2.2 Hinsichtlich des vom Kläger geltend gemachten Missbrauchs der Gestaltungsform war die Beklagte nicht passiv legitimiert. Insoweit hätte sich der Kläger innerhalb der inzwischen auch für sein Arbeitsverhältnis maßgeblichen Klagefrist des § 17 Satz 1 TzBfG an die BWB halten müssen, in deren Betrieb sich der von ihm reklamierte Dauerarbeitsplatz befand. Nicht die Beklagte, sondern die BWB hatte sich durch deren Einschaltung als Verleiher des Klägers auf Selbstkostenbasis zur bloßen Verlagerung von Personalkosten in den Bereich der Sachkosten ihrer Stellung als Vertragsarbeitgeber entzogen, in der sie für die erneute Befristung des Arbeitsverhältnisses gemäß § 14 Abs. 1 Satz 1 TzBfG ihrerseits eines sachlichen Grundes bedurft hätte, während die Beklagte ohne Übernahme eines Verleiherrisikos als bloßer Strohmann fungierte (vgl. Brors/Schüren BB 2004, 2745, 2748 f.).

Daran änderte § 6 Abs. 3 der vom Kläger herangezogenen Konzernrichtlinie nichts, wonach ein Arbeitgeberwechsel konzernintern nicht als neues Arbeitsverhältnis angesehen wird, weil sich diese Regelung allein auf vom Fortbestand des Arbeitsverhältnisses abhängige Ansprüche auf Einmalzahlungen bezieht.

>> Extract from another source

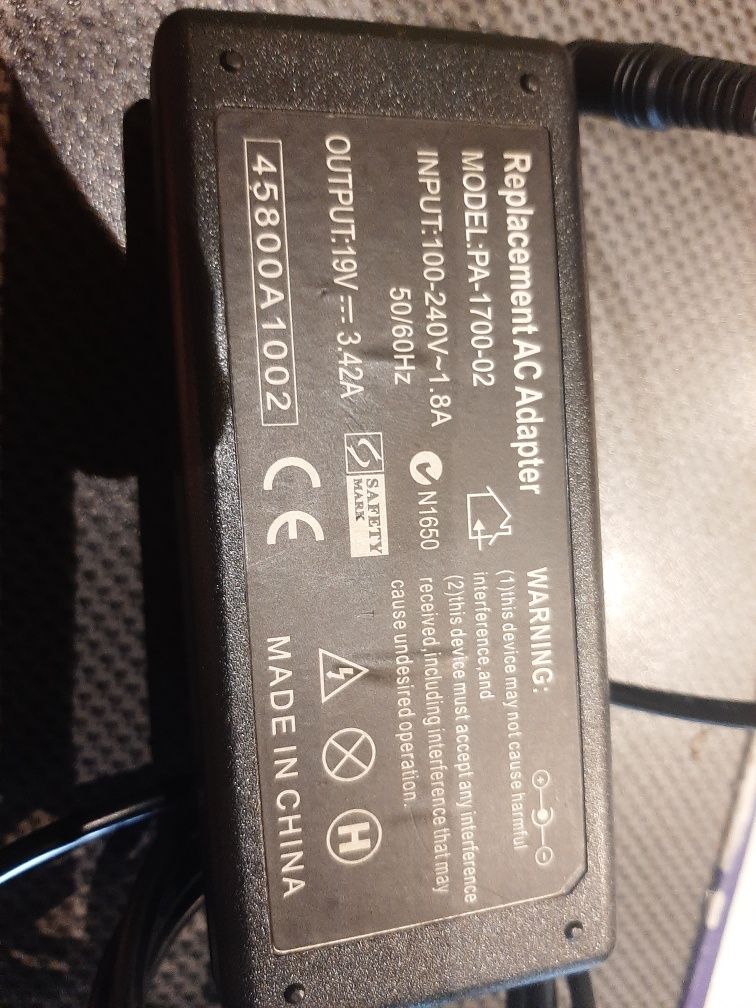 Zasilacz ładowarka laptopa 19V 3,42A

Im Übrigen wäre ein sachlicher Befristungsgrund ohnehin darin zu sehen gewesen, dass die BWB nach dem Stand ihrer Personalplanung für 2001 im Beschäftigungsbereich des Klägers bereits einen Überhang von 37,6 Mitarbeiter auswies und aufgrund des allgemeinen Personalabbaus aufgrund der vollzogenen Teilprivatisierung in Verbindung mit dem Ausschluss betriebsbedingter Kündigungen im TV ArbPlSich für Arbeitnehmer in unbefristeten Arbeitsverhältnissen damit rechnen musste, spätestens bei Ablauf der Vertragszeit des Klägers seinen Arbeitsplatz mit einem anderen, erforderlichenfalls noch entsprechend umzuschulenden Mitarbeiter aus dem Überhang besetzen zu müssen, wozu es dann auch tatsächlich gekommen ist. Bestätigt sich aber die Prognose für eine Befristungsabrede, so begründet dies eine Vermutung dafür, dass sie ausreichend sorgfältig und fundiert erstellt worden ist (BAG, Urteil vom 31.03.1993 - 7 AZR 536/92 - ZTR 1994, 117 zu III 2 der Gründe).

3. Der Kläger hat die Kosten seiner erfolglosen Berufung gemäß § 97 Abs. 1 ZPO zu tragen.

Die Voraussetzungen des § 72 Abs. 2 ArbGG für eine Zulassung der Revision waren nicht erfüllt.